今年1月から6月の上半期において平年の予測を上回った「超過死亡者」の合計が、過去3年に比べて少ないことが厚生労働省研究班の推計で分かったと、9月30日の日経新聞が伝えています。
死亡数はここ数年高齢化で増加しており、2017~19年の上半期の超過分はそれぞれ2万人前後となっていたが、今年は最大7467人にとどまったと記事はしています。
都道府県別でみると、新型コロナウイルスへの感染が広がった東京都で最大647人、大阪府で最大426人など、平年に比べ統計的な上限を超えた死亡数は13都府県で確認されたものの、国全体では平年より減少した県が多く過去3年より少なくなったということです。
高齢化の影響によって、2019年の死亡者数は前年より1万9千人増え、約139万人となりました。
同年の上半期(1~6月)の死亡数は約70万7千人。しかし、今年の同期間では約69万人と(昨年よりも)2万人近く減っており、7月も減少傾向が続いていることから、同じ傾向が下半期も続けば年間で3万人程度減少する可能性があるとされています。
一方、新型コロナウイルス感染拡大によりウイルス性肺炎により数多くの死者が確認されている米国では、3~5月の死者数が例年より12万人余り多かったとする調査結果が10月1日に公表されています。
医学誌「JAMAインターナル・メディシン」に掲載された調査結果によると、3~5月の3か月間の米国内の死者数は、新型コロナ以外の死因を含め約78万1000人と予測死亡者数よりも約12万2300人多かったということです。
日本の超過死亡が減少しているという状況について、厚労省研究班の鈴木基・国立感染症研究所感染症疫学センター長は、「今年はインフルエンザの流行が小規模で、新型コロナ対策で他の感染症も減った影響ではないか。新型コロナによる超過死亡は海外と異なり多くないと思われる」と話していると記事はしています。
勿論、多くの感染者を出した東京や大阪などの都市部の状況を見れば、新型コロナウイルスへ感染症の影響が高齢者を中心に死者の増加として顕在化していることは(恐らく)事実です。
しかし、コロナウイルスへの感染を避けるための「新しい生活様式」の浸透により「コロナ感染症以外の死亡リスク」が下がったことで、全国的に見れば日本の死亡者は減少しているという(ある意味皮肉な)結果を生んでいるということでしょう。

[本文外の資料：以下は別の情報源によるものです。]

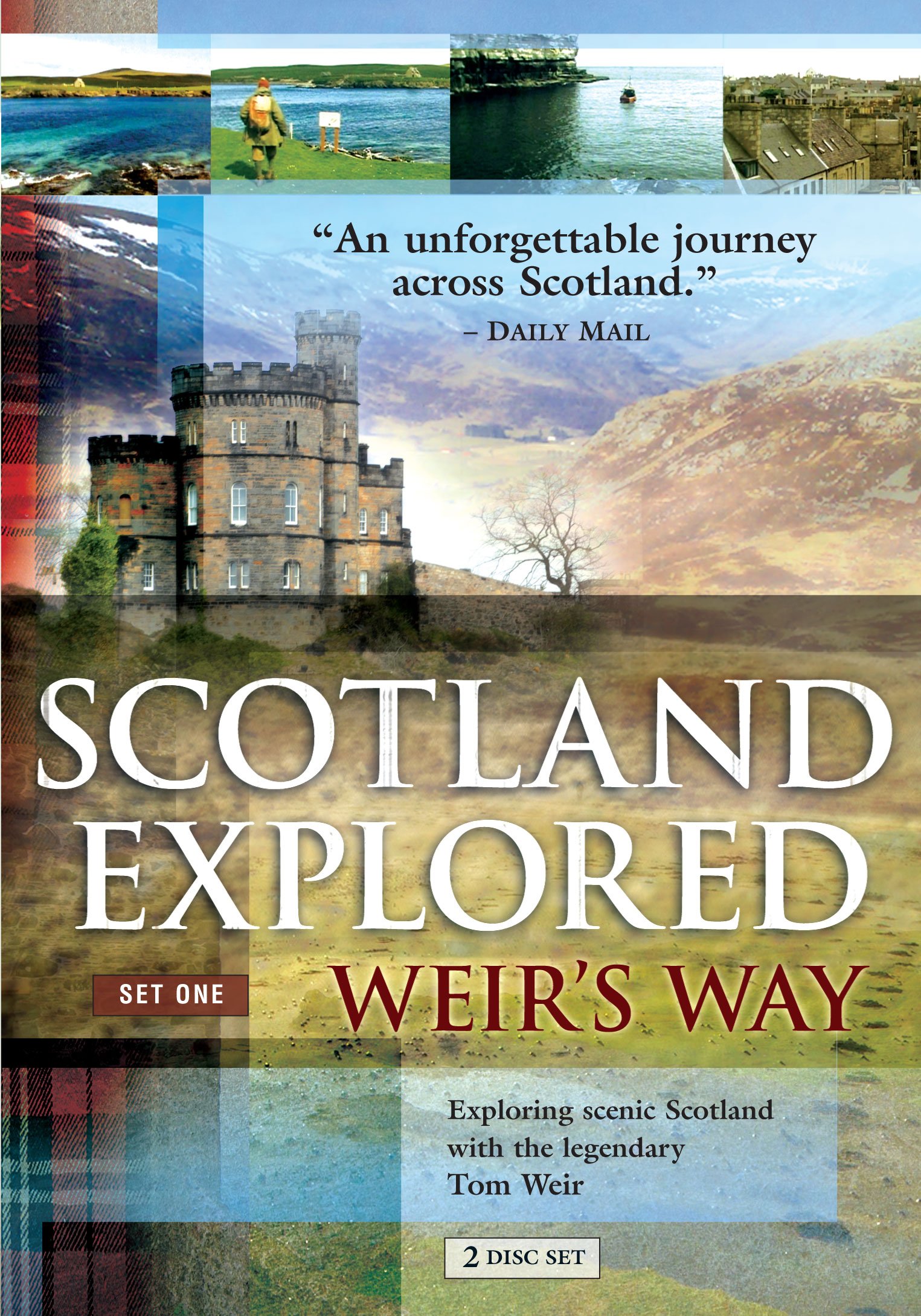 SCOTLAND EXPLORED WEIRS WAY SET 1 [DVD]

この後、改めて様々な分析がなされるとは思いますが、実際、交通事故死者数は全国で明らかに減っており、(芸能人に関する報道などで注目される機会の増えた)自殺者数も減少傾向にあると聞きます。
また、2020年の上半期(1~6月)に全国の警察が認知した刑法犯の件数も、外出自粛の影響などにより、前年同期より5万6010件少ない30万7644件(15.4%減)だったと報じられています。
その他、マスク着用の習慣化や手洗いの励行などにより、インフルエンザなどの感染症による死者も減ることが予想されるほか、外食が減少することで(特にキノコやフグ、生肉など食べる機会も減るでしょうから)食中毒による死者なども減っていく可能性が高いと考えられます。

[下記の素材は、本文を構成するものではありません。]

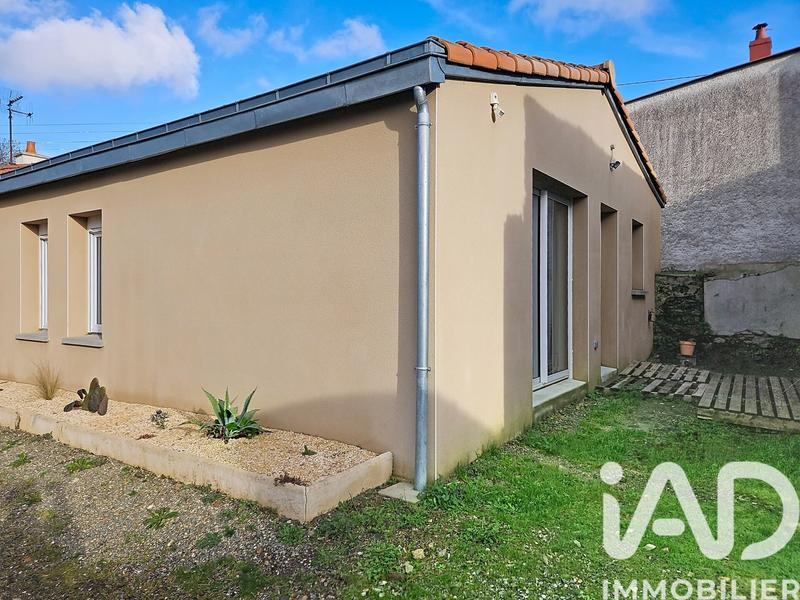 Maison - 60 m² - 3 pièces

生活の不規則化やストレス、検診の自粛などにより、がんや循環器系の疾病など生活習慣に起因する疾病が今後増えていく可能性はあると思われますが、それにはしばらく時間がかかるでしょう。
そう考えれば、コロナウイルスが(少なくとも日本の社会に)もたらしたものは、決してマイナスの要素ばかりではない。「コロナと共に生きる」という生活は、私たち日本人にある種の「安全」をもたらしていると言っても過言ではありません。
もちろん、私たちが安全に暮らすためにはめにはまず、「コロナウイルス感染症にならない」ことが求められます。

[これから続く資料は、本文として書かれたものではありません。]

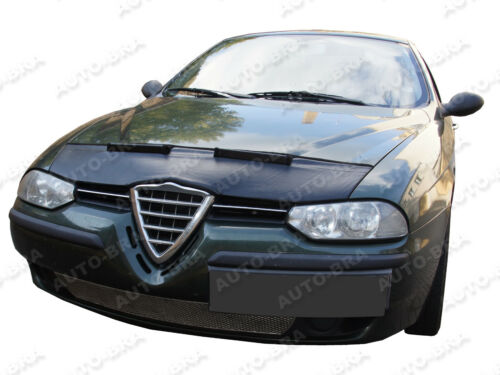 Compatible Alfa Romeo 156 1997-2003 Auto CAR BRA TUNING Protective Hood Covers - Picture 1 of 2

しかし、そこのところさえ各自がきちんとケアすれば、日本人が通常生活を行っていくうえで生命に危険をもたらすリスクは明らかに減っているという現実を、もっと前向きに受け止める必要もあるかもしれません
さて、そこで問題になるのは、経済活動に制約が生まれている現状をどう乗り越えるかということと、個人の「やりたいことができない」というストレスとどう向き合うかということでしょう。
ICTや通信技術の進歩や活用によって、経済活動については何とかなりそうですが、やっかいなのは消費の拡大、ひいては経済の拡大をもたらす人間の欲求をいかにコントロールするかというところです。
旅行に行きたい、おいしいものを食べたい。素敵なものを手に入れたいし、めったにないような経験もしてみたい。個人の価値観は様々ですが、そうしたものへの欲望を満たしてくれるのがお金というもので、だからお金がたくさん欲しい。
宗教や封建主義に縛られていた社会に近代化もたらしたのがこのような「資本主義」であるならば、その資本主義を支えてきた「人間の欲望」そして「価値」という怪物にいかに対峙し、社会の進歩や発展につなげるかが(次の時代への)大きなカギを握っているということなのかもしれません。